*Instructions to follow*
Write out each line of the material exactly as given, and drop the images.

*Dataset section*
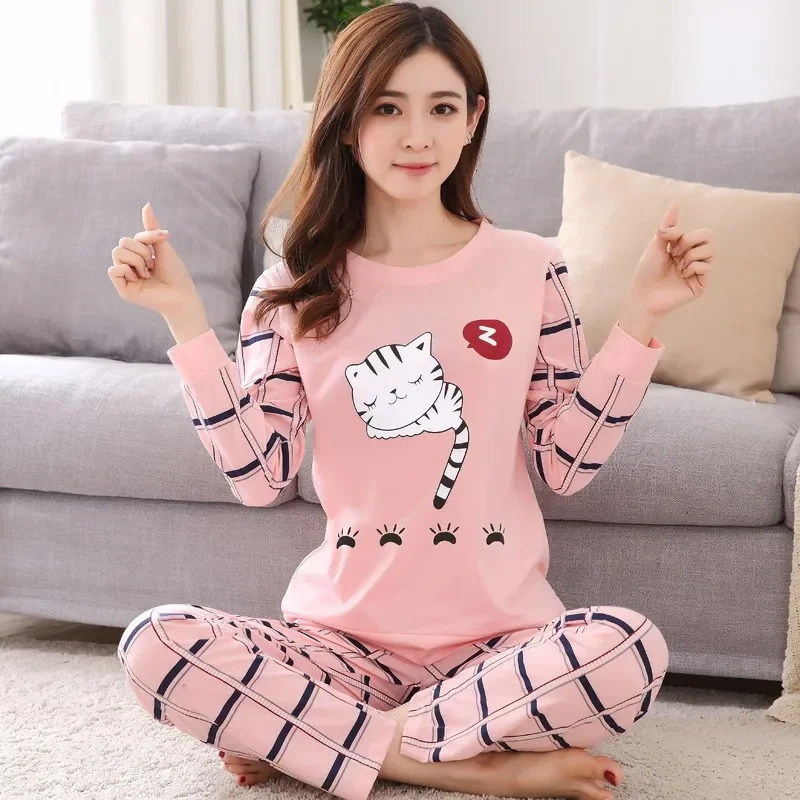 Autumn Thin 2pieces Pyjamas Set Women 2025 Round Neck Girls Bear Pajamas Sets Teacup Cat Full Sleepwear Tops lovers Pajama Mujer 250717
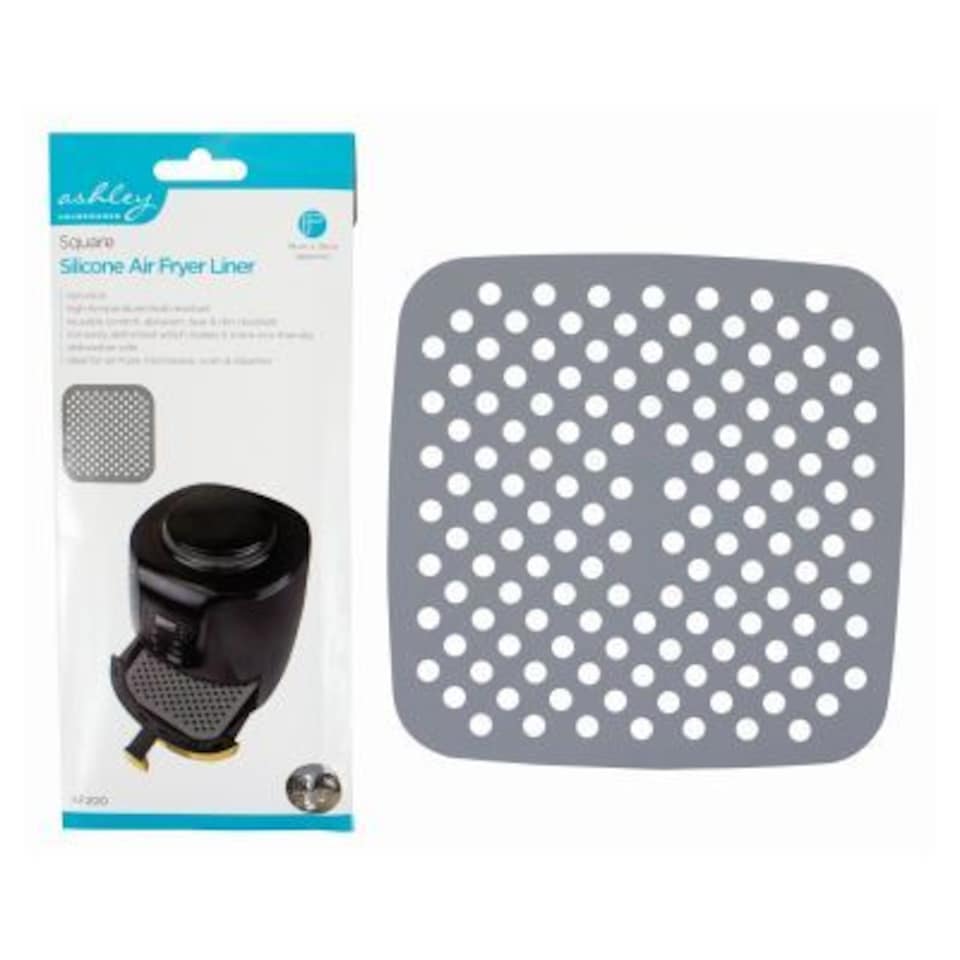 Ashley Square Silicone Reusable Air Fryer Liner - 19cm - Grey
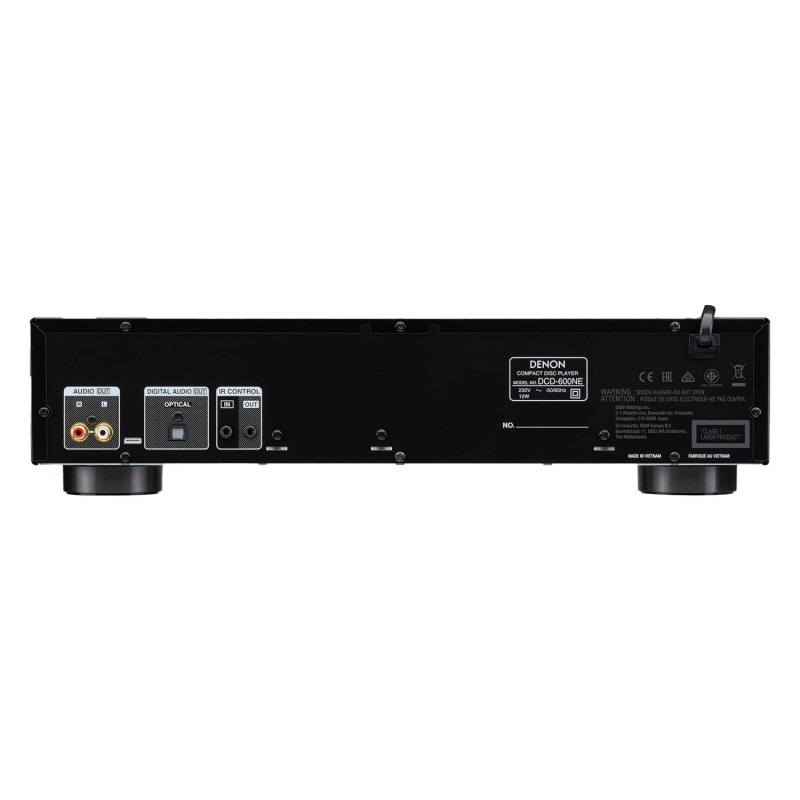 Denon DCD-600NE, panel trasero con salida RCA y óptica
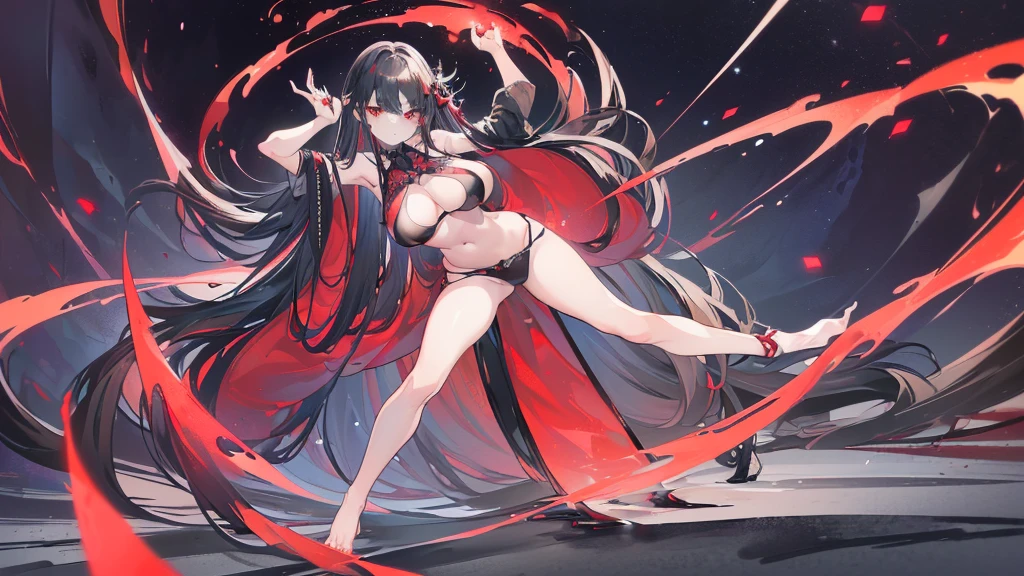 (Exquisite eyes),(Clear and beautiful eyes:1.61),masterpiece, ung girl,(Black clothes and some red gems), Black long hair, (She has a huge red gem on her chest), Good Hand,((The Havoc of StarCraft)),full-body shot,Fighting Stance,(Red Eyes:1.466),short and small,(Very big breasts:1.35),(Pretty Face),(full-body shot:1.33),Beautiful hands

*Exercise result*
 Autumn Thin 2pieces Pyjamas Set Women 2025 Round Neck Girls Bear Pajamas Sets Teacup Cat Full Sleepwear Tops lovers Pajama Mujer 250717
 Ashley Square Silicone Reusable Air Fryer Liner - 19cm - Grey
 Denon DCD-600NE, panel trasero con salida RCA y óptica
 (Exquisite eyes),(Clear and beautiful eyes:1.61),masterpiece, ung girl,(Black clothes and some red gems), Black long hair, (She has a huge red gem on her chest), Good Hand,((The Havoc of StarCraft)),full-body shot,Fighting Stance,(Red Eyes:1.466),short and small,(Very big breasts:1.35),(Pretty Face),(full-body shot:1.33),Beautiful hands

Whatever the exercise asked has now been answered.